(Beginning of Task material)

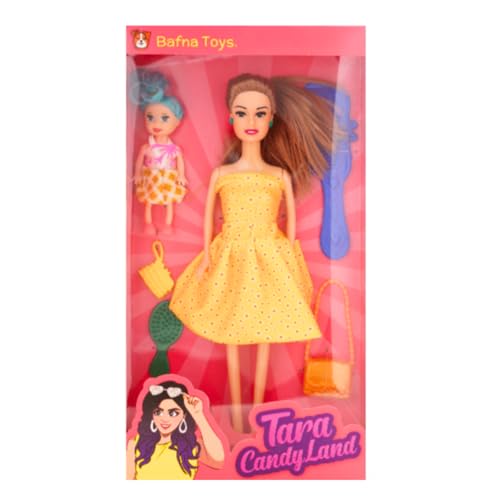 Tara Candy | Doll with one Mini Doll Handbag, 2 Hairbrushes | Gift for Girls 3+, 30 Cm Height (Colour May Vary) (Tara Candy)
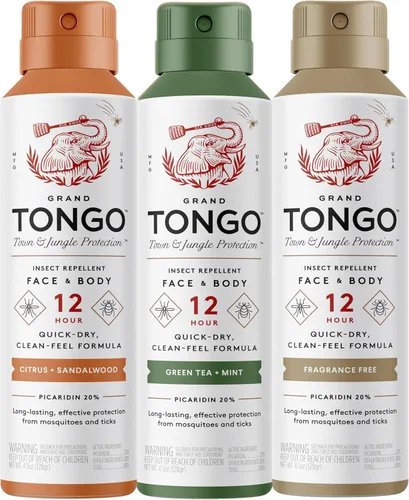 Vista 10 de Grand Tongo Repelente de insectos sin DEET con picaridina, protección de 12 horas, alternativa DEET - Cítricos + sándalo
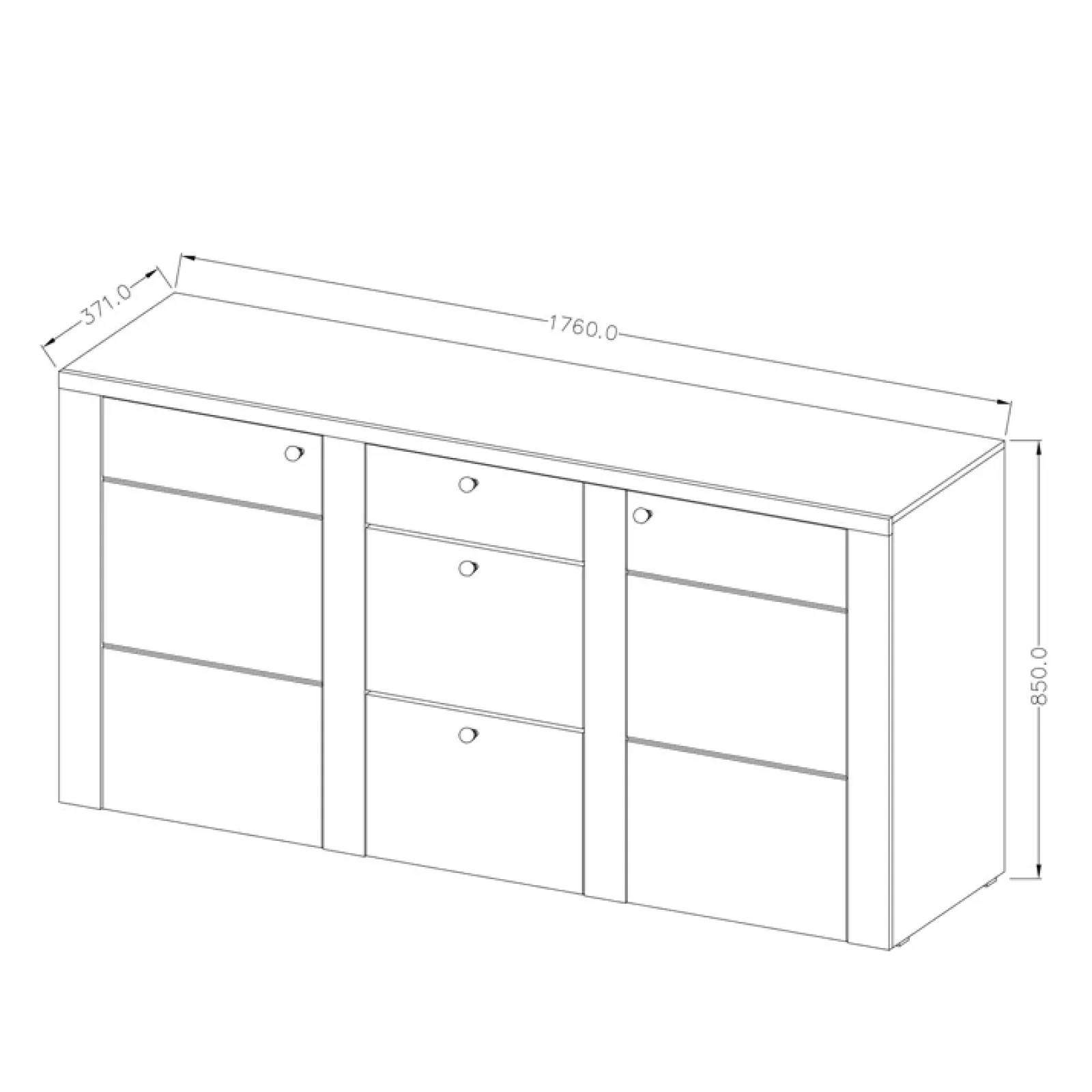 Garnero Arredamenti Credenze Moderne|Madie Moderne-Madia con cassetti 176x85h cm 2 ante quercia rovere grigio Paloma 2 Rovere - Antracite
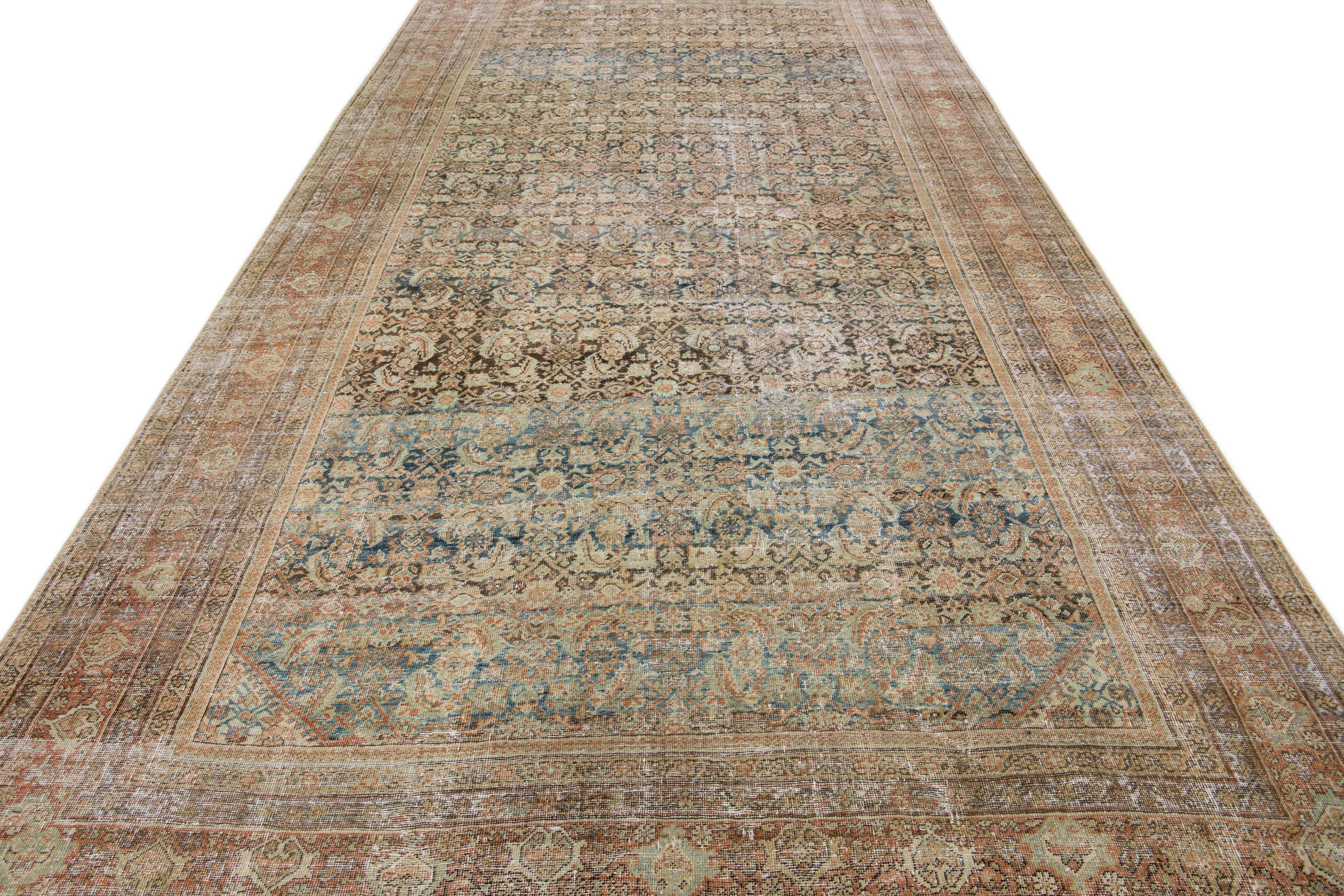 Islamic Oversize Antique Persian Malayer Blue Handmade Wool Rug with Allover Motif For Sale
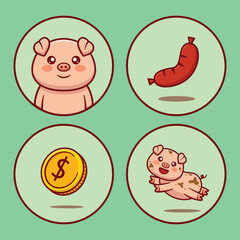 cute pig animal icon collection cartoon vector illustration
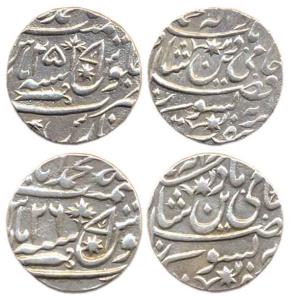 Silver Rupee (2), Muhammadabad and Banaras Mints, in the name of Shah Alam II, RY 25 and 2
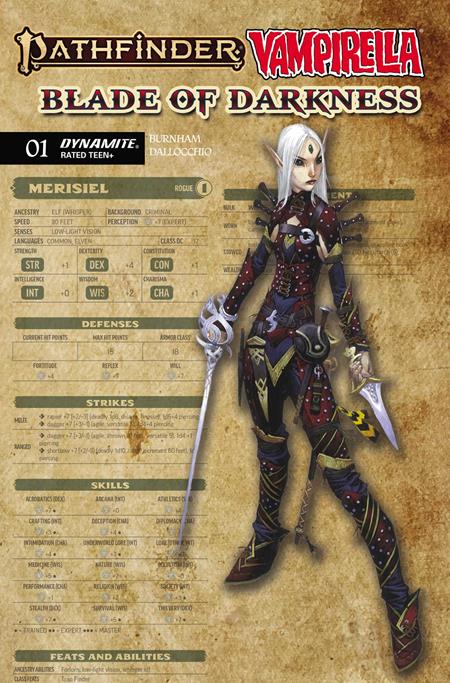 PATHFINDER VAMPIRELLA BLADE OF DARKNESS #1 CVR C WAYNE REYNOLDS CHARACTER SHEET VAR DYNAMITE Entertainment Erik Burnham Federico Dallocchio Wayne Reynolds PREORDER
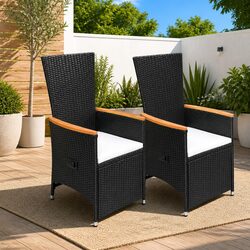 Reclining Outdoor Garden Chairs 2 pcs Black Poly Rattan with Cushions Patio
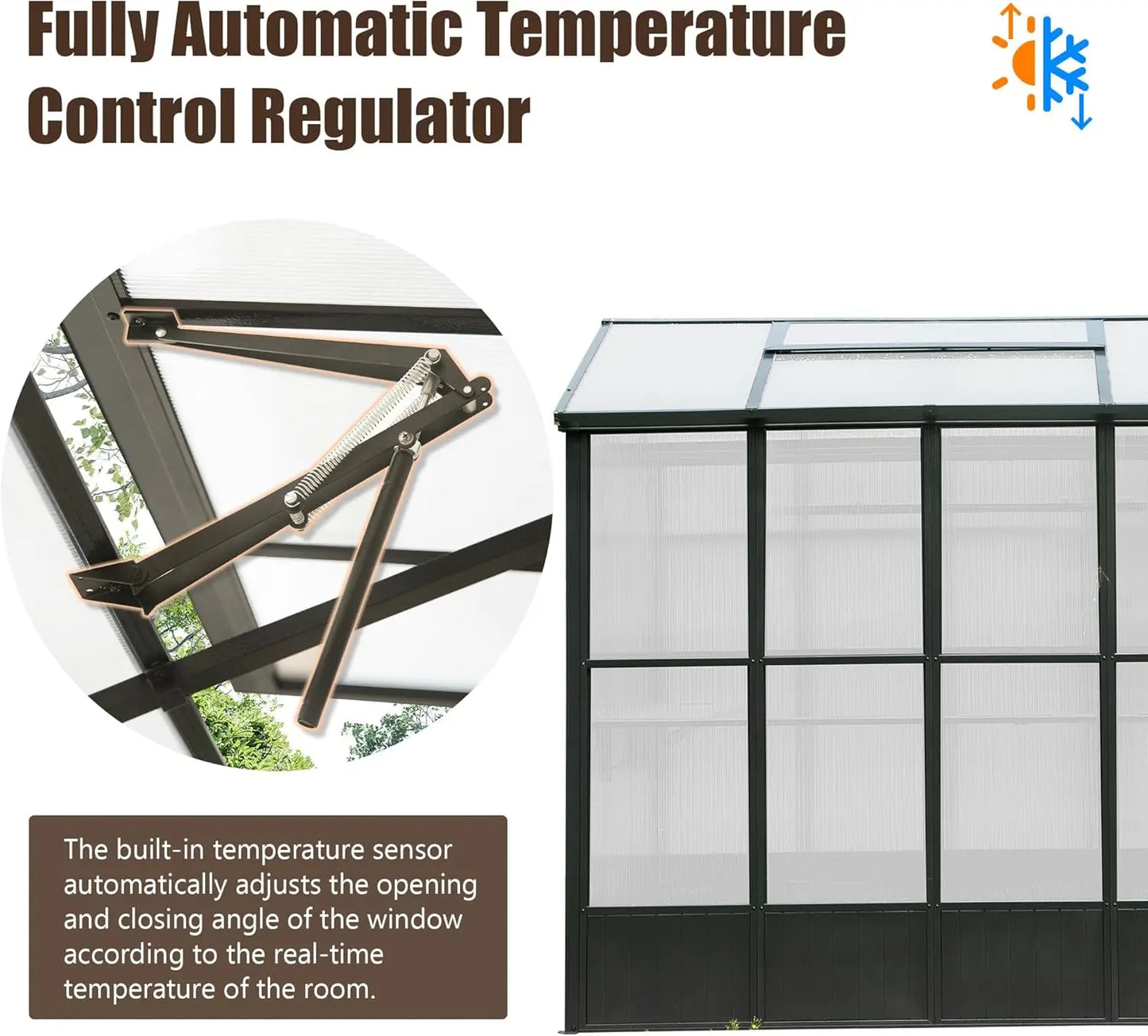 XMSJ Domi Aluminum Greenhouse With Auto Temperature Control Vent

(End of Task material)

What needs to be done
What you need to retype is every line from the one that has "PATHFINDER VAMPIRELLA BLADE" through the last line of the listing, both included, with the pictures left out.

Exercise answer
 PATHFINDER VAMPIRELLA BLADE OF DARKNESS #1 CVR C WAYNE REYNOLDS CHARACTER SHEET VAR DYNAMITE Entertainment Erik Burnham Federico Dallocchio Wayne Reynolds PREORDER
 Reclining Outdoor Garden Chairs 2 pcs Black Poly Rattan with Cushions Patio
 XMSJ Domi Aluminum Greenhouse With Auto Temperature Control Vent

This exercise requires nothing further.